In practice, it usually works like this:
- Your company signs a contract (for example, a loan, lease, or supply agreement).
- The other party wants extra security because your company might not have enough assets (or a long trading history).
- They ask you to sign a guarantee, meaning you may become personally responsible if the company can’t pay.
This is why company guarantees matter so much: the whole point of operating through a limited liability company is usually to separate business risks from personal assets. A guarantee can reduce that separation - sometimes dramatically.
Guarantee Vs Indemnity: Why The Wording Matters
Many “guarantees” are actually drafted as a guarantee and indemnity. This is important because an indemnity can create broader and more direct liability than a traditional guarantee.
For example, depending on the wording and the circumstances, a guarantee may be framed so the company’s default is the trigger for the guarantor’s liability, while an indemnity can sometimes allow the creditor to claim from you more directly (without the same hurdles). The practical effect comes down to the drafting.

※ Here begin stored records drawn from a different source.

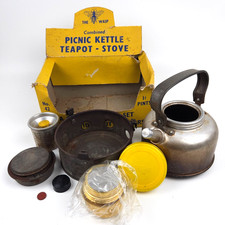 The wasp vintage travel picnic - vintage,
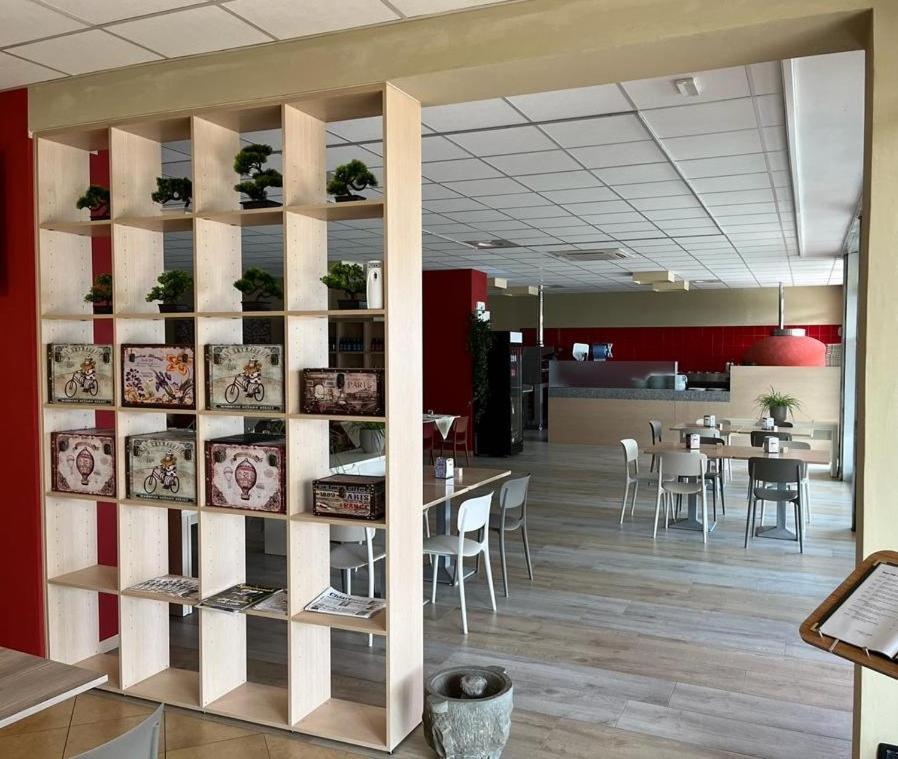 Terrazza Rooms Castrezatto ภายนอก รูปภาพ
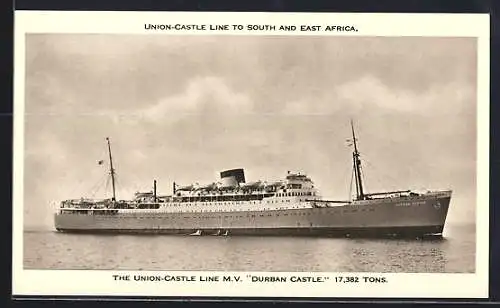 AK Passagierschiff MV Durban Castle auf hoher See, The Union-Castle Line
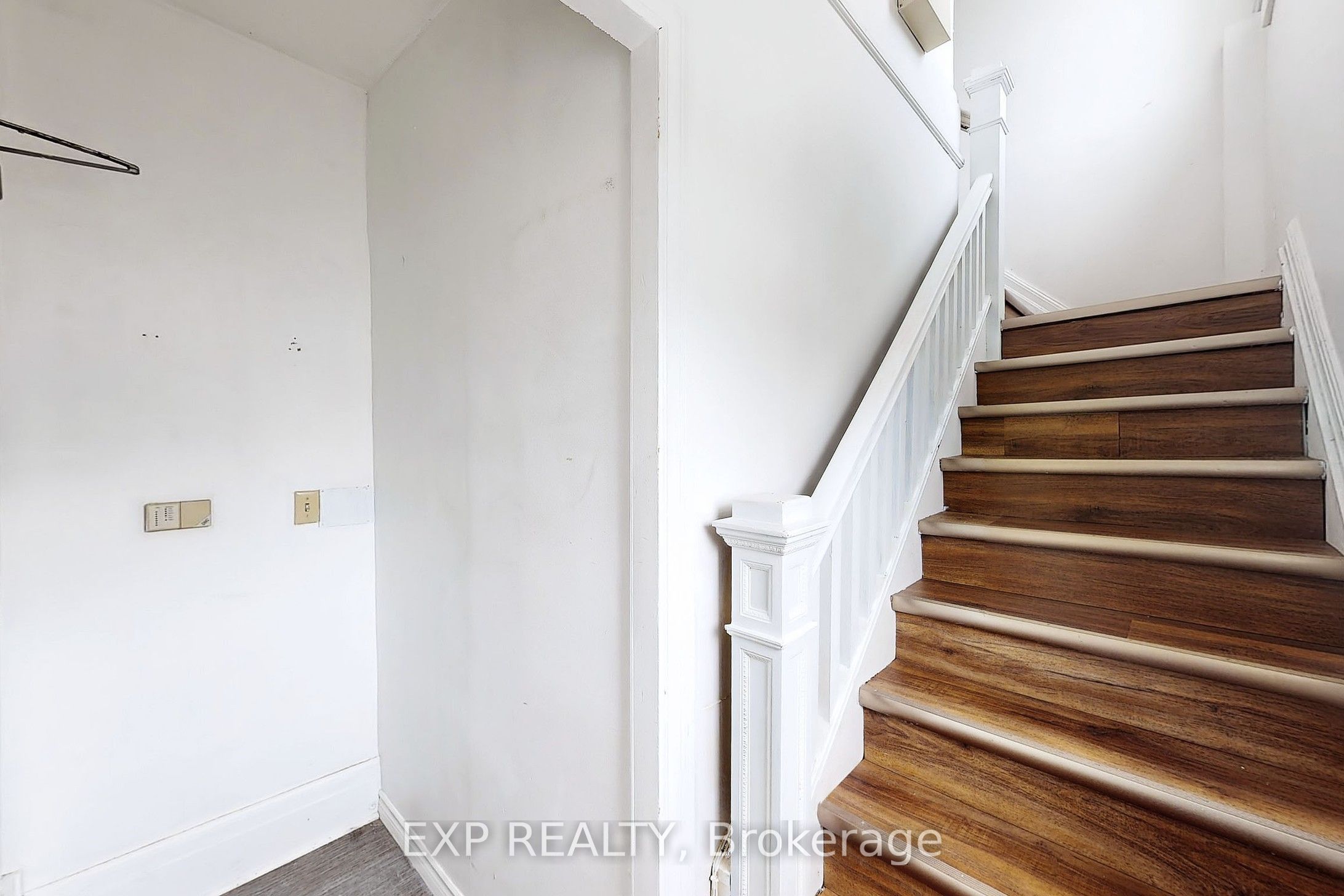 15 Colborne Street E, Oshawa 4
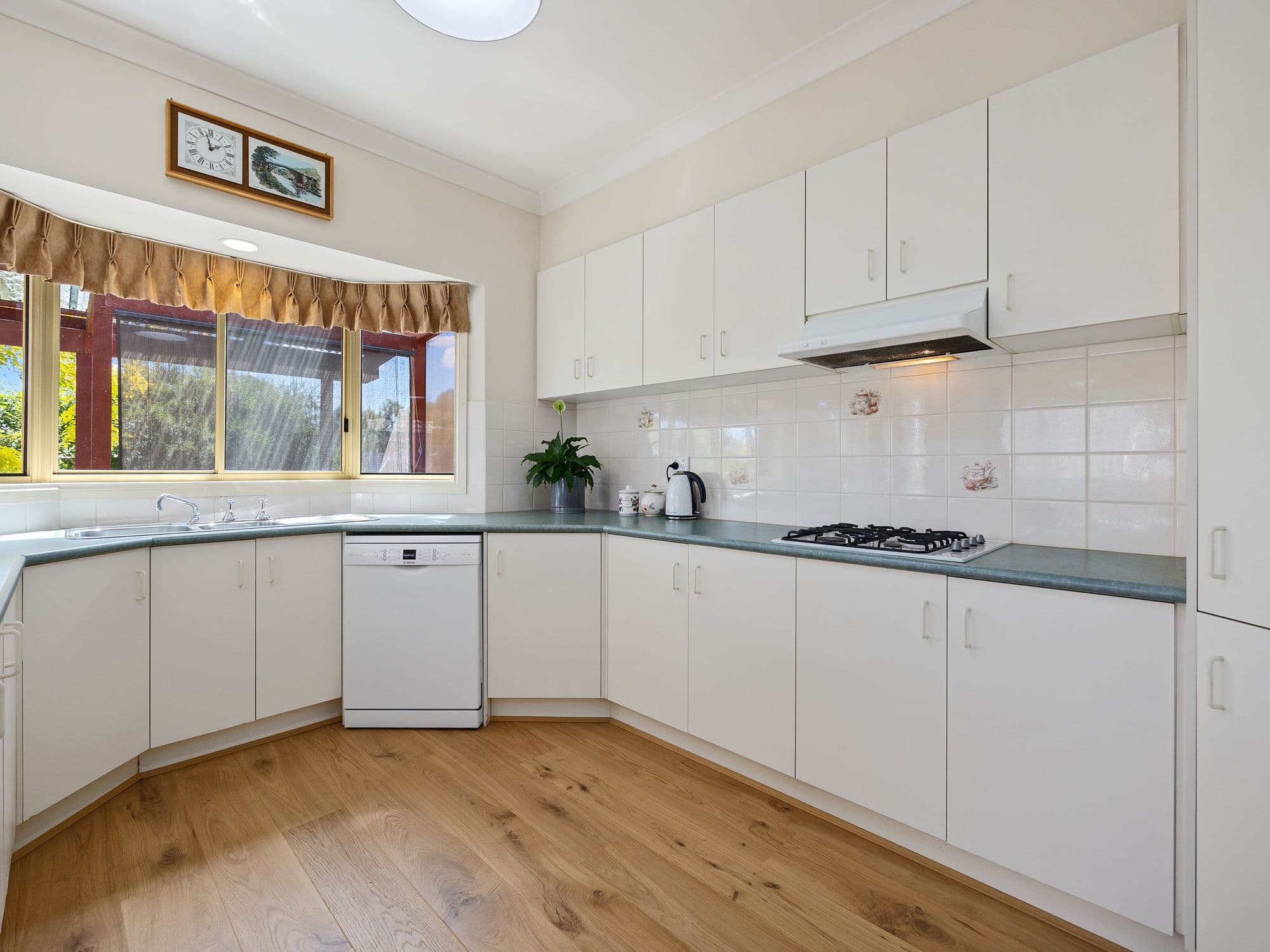 6 Little Chipping Drive, Chirnside Park VIC 3116, Chirnside Park - Thumbnail 4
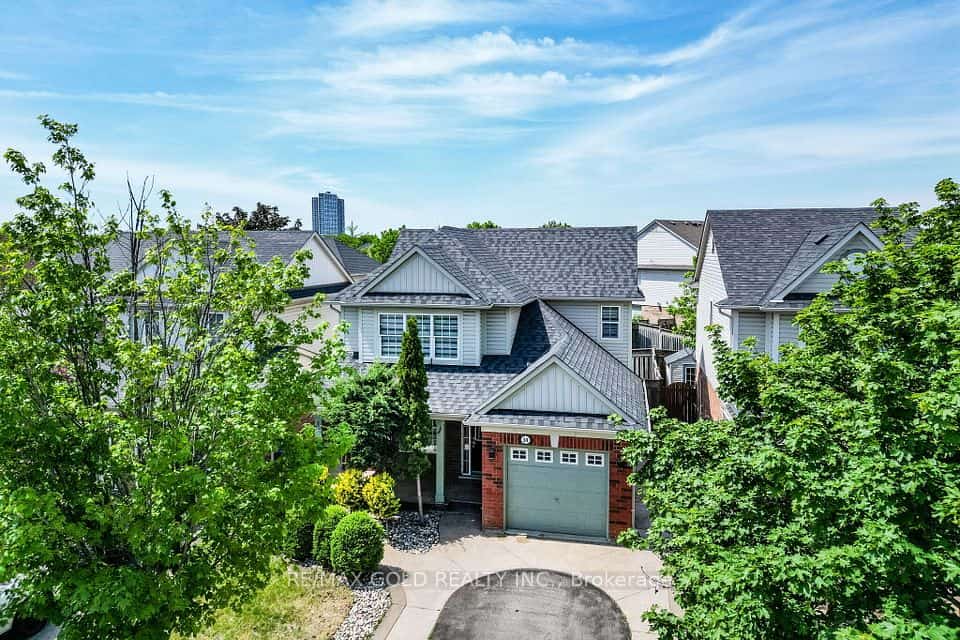 34 Worthington Avenue, Brampton, ON L7A 1M9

It’s common to see this in a Deed of Guarantee and Indemnity, which is often used in financing, leases, and other higher-risk arrangements.
Does A Company Guarantee Create Personal Liability?
Yes - that’s the core purpose of the document. If your company can’t meet its obligations, the guarantor may have to pay personally.
That can include:
- unpaid invoices or loan amounts
- interest and default interest
- legal costs (sometimes on an “indemnity” basis)
- damages claimed under a contract
- costs of enforcing security (if there’s also a security interest involved)
If you’re a director, it’s also worth understanding that guarantees sit alongside (not instead of) other risk areas, including personal liability as a company director in certain circumstances.
When Are Directors And Shareholders Asked To Sign Company Guarantees?
Small businesses are asked to provide company guarantees all the time. It’s usually not because anyone thinks you’re untrustworthy - it’s because the other party is managing risk and negotiating leverage.
Common situations include:
Commercial Leases
Landlords often ask for director guarantees, especially where the tenant company is newly incorporated, has limited assets, or is signing a long lease term. In some cases, the landlord may also require additional security (like a bond or bank guarantee).
Lease arrangements can also involve additional documents like an assignment or change of tenant, and guarantees can “follow” the lease unless carefully dealt with during an exit.
Bank Loans And Business Finance
Lenders frequently require personal guarantees from directors and sometimes shareholders - even where the business is operating through a company. The lender may also register security over company assets.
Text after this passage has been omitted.